When reality hits…

I am working on a tool, CAT, to allow teachers to create English literacy content” What is CAT? English literacy content? You mean like Blackboard? These are some of the questions I’ve been getting throughout this summer from classmates, teachers, friends and family members. Yesterday, while I was explaining the work that the iSTEP 2011 team is doing and CAT in particular to a friend, I realized that parts of my answers have changed [evolved] during the past eight weeks. Each one of our three projects had to be molded to fit our needs assessment results causing each one to evolve in a different path often different than what was originally planned. I like to use the verb evolve because it seems more natural to me.  Saying change feels like replacing one thing with another while evolve is more of an adaptation to circumstances and events…I can elaborate more on the topic but I will save it to another blog post.  Thus, the purpose of this blog is to present the Content Authoring Tool from two different angles: expectations versus reality and to talk about how the project is evolving to adapt to the needs of the local Uruguayan community. I am focusing on the Content Authoring Tool because of two main reasons:

  • Time: I am timing myself to write this blog in 30 minutes and
  • Knowledge: I will leave it to Elise and Afnan to talk about their projects [creating a chain reaction maybe?]

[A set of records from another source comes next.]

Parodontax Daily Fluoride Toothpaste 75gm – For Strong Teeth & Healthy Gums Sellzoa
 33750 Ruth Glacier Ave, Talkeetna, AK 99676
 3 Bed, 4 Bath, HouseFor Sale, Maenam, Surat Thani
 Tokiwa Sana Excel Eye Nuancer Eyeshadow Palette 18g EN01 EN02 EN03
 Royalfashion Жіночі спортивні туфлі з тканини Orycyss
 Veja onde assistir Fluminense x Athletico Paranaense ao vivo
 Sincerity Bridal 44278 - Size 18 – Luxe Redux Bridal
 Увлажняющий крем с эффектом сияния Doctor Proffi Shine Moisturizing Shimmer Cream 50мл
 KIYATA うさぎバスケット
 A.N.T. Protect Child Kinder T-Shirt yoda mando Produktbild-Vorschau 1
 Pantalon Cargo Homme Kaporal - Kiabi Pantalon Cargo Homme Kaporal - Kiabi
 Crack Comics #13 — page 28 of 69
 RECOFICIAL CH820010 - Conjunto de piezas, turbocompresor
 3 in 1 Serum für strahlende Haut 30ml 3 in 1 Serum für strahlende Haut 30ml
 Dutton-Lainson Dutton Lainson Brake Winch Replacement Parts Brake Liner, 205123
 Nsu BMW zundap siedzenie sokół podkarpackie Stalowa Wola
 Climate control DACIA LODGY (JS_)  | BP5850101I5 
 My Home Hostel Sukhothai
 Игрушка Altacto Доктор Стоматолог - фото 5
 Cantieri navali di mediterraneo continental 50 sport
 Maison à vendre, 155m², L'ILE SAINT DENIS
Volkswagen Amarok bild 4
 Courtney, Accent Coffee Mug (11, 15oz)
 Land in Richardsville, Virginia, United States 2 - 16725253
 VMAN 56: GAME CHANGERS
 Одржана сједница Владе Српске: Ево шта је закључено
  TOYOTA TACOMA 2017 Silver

When I first started working on CAT, I knew that I had the “cushion” of reusing some of the old CAT code developed by iSTEP 2010 interns but I also knew that I would have to adapt it to address the needs of our partners. While the initial idea was still the same: providing a platform for educators to create English literacy content to be used by OCT and FBT, the way it’s been executed has evolved:

  • Expectation n#1:teachers will be able to access the CAT using reliable internet connection and from there create and share content with other tools.
    • Reality: Internet connectivity is very unreliable at the school we are working with.
    • Result: We had to think about alternative ways to give teachers access to CAT and to allow them to exchange content with the OCT and FBT while still designing the tool to be internet accessible with the hope that internet will become reliable in the near future. Solutions such as intranet using school lab computers and exchanging files using USB drives were not part of the initial plan but had to be considered during the brainstorming stages.
  • Expectation n#2:teachers will be able to create their own content.
    • Reality: teachers have with big classes and busy schedules and adding new workload to their busy lives might discourage them from using the tools.
    • Result: Thanks to Dr. Yonina Cooper, one of our faculty advisors, we thought about involving English Language Teacher students in the process of content creation. The Montevideo team suggested the idea to our partners and it was approved. [Give credit where credit is due:)]
  • Expectation n#3:question types supported by this year’s CAT will be the same as the ones supported by the English Practice Tool developed by the iSTEP 2010 interns.
    • Reality: most question types supported were of interest to our partners; however, their main focus was on writing and listening activities.
    • Result:  CAT has to provide a way for teachers to create writing questions: short and long answers and listening questions where students listen to content and answer questions. However, combining this result with the result of expectation n#3 created a deadlock situation:
      • Students would benefit from listening to original content.
      • Original content consists of Youtube videos that need reliable connectivity, which we currently cannot count on. For this and other reason, I have been dreading dealing with the listening part and I will write more about it as we progress.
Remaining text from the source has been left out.